Peter Singer, Professor of Bioethics at Princeton University, is Founder of the nonprofit organization The Life You Can Save. His books include
Animal Liberation, Practical Ethics, The Ethics of What We Eat (with Jim Mason), Rethinking Life and Death, The Point of View of the Universe, co-authored with Katarzyna de Lazari-Radek, The Most Good You Can Do, Famine, Affluence, and Morality, One World Now, Ethics in the Real World, Why Vegan?, and Utilitarianism: A Very Short Introduction, also with Katarzyna de Lazari-Radek. In April 2021, W.W. Norton published his new edition of Apuleius’s The Golden Ass. In 2013, he was named the world's third "most influential contemporary thinker" by the Gottlieb Duttweiler Institute.
PRINCETON – Last year, I told a colleague that I would include Internet ethics in a course that I was teaching. She suggested that I read a recently published anthology on computer ethics – and attached the entire volume to the email.

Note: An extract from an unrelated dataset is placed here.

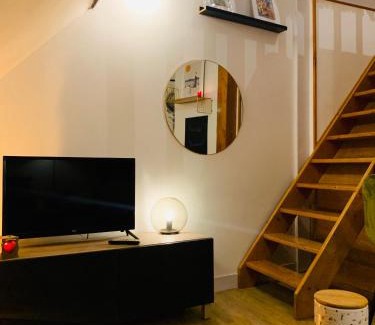 Sens Apartment | La maison de Nina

Should I have refused to read a pirated book? Was I receiving stolen goods, as advocates of stricter laws against Internet piracy claim?
If I steal someone’s book the old-fashioned way, I have the book, and the original owner no longer does. I am better off, but she is worse off. When people use pirated books, the publisher and the author often are worse off – they lose earnings from selling the book.